Uma viagem no tempo, de outra que se deu antes, simulando a vertigem do cimo de um trapézio imaginário, antes do mergulho para os seis braços, os três abraços, movida pela urgência cáustica que sobrevive no corpo assombrado desta bailarina, hoje. Perguntam se a dança pode atravessar o tempo, e se ela conjura, a cada reprise, a mesma emoção. Conjunto de músculos executantes, no corpo dela cabe uma pessoa inteira, e toda a violência que é ser pessoa num corpo; com o corpo ser pessoa. Toda a potência de ser mulher num corpo, pessoa num corpo de mulher.
Adiar o fim, bater no fundo, chocar contra, rendição vs resistência; querer e não querer ser [objeto], seduzir ou ceder, deixar-se moldar ou enrijecer na hora de se dar. A cada gesto, a cada choque, identificação-diferenciação, conflito interno sai pra fora, transborda. No fim, quero bis (e mais e mais, Nina Hagen em repeat), sabendo que esse é o desejo suspenso pelo fio do trapézio imaginário que antecede qualquer embate ou desvio: sempre mais, antes que acabe, ou o desejo seque no canal.

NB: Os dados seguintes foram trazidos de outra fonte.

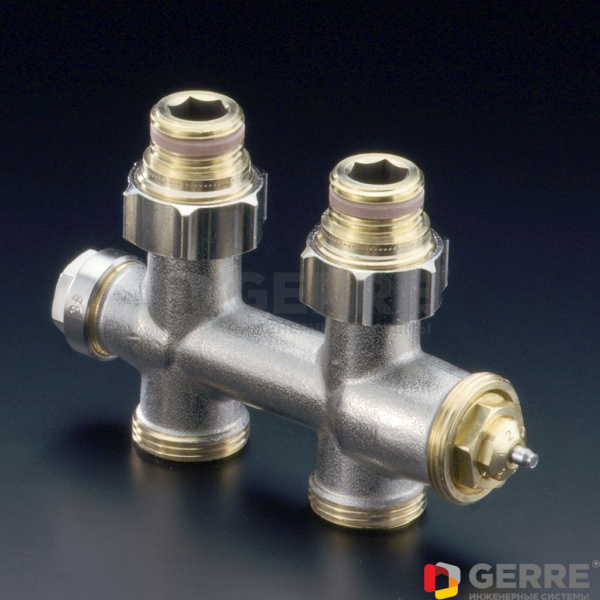 Multiblock T присоединительная арматура 1/2"НГ x 3/4"НР, латунь,проходной Multiflex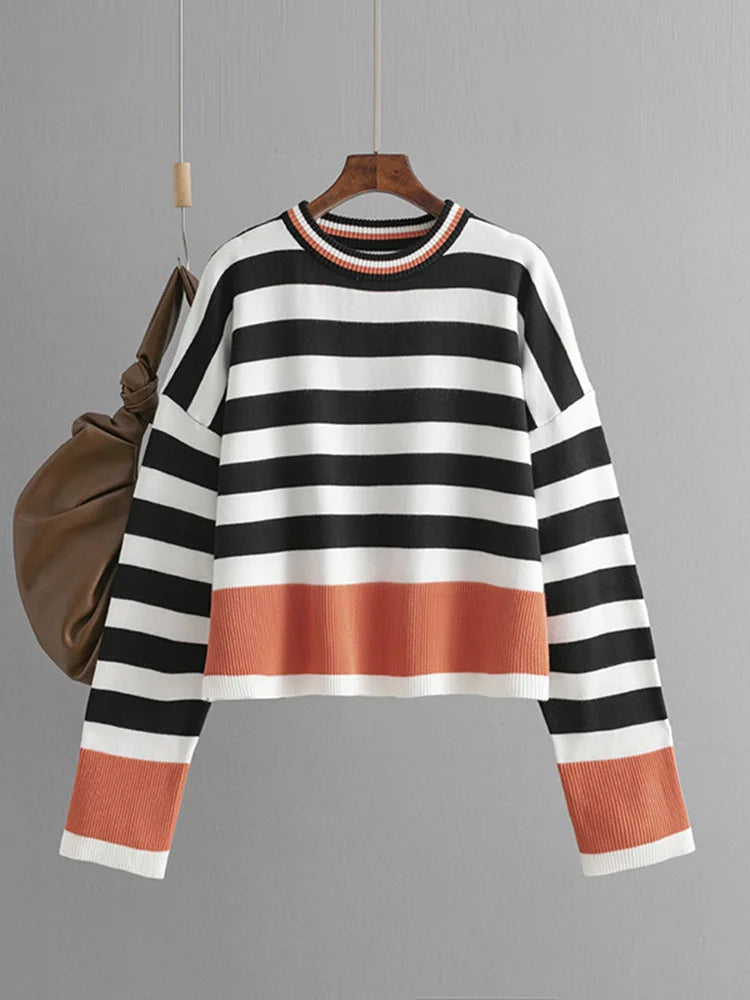 Winter Striped Sweater Women Loose Warm Pullover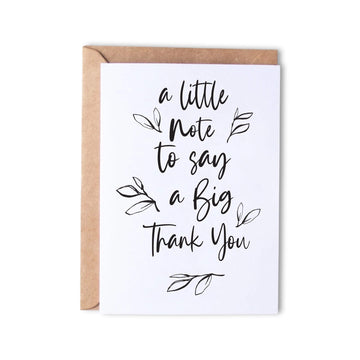 A Little Note To Say A Big Thank You - Monk Designs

Logo logo vem outro corpo, desenhar com fio real outro caminho. Fala-nos do lado de lá, vestida apenas com uma frágil armadura de plástico e fita cola, cuidadosamente comprimida contra a pele nua. Uma história sobre ida e retorno, rios e mares que ligam e separam margens, pontes que exigem e permitem travessias. Ilustrada pela composição em tempo real de uma maquete com os mesmos objetos que servem de vestido – pensos higiénicos, lenços de papel, palitos, pasta de dentes – a história desenrola-se como um novelo familiar, um mapa de lugares conhecidos. A descrição como ela a descreve, numa visita às memórias de alguém, ou partes soltas de uma memória conjunta, tecida por todas as que conhecem as divisões do mundo. Que o lado de cá não é igual ao de lá, sabemos, mal se passa a linha, a fronteira, o rio, o oceano. Surge a pergunta: para que lado vai quem é expulsa de onde pertence, para onde volta? O corpo atravessa e acena, enquanto a ponte lá se aguenta.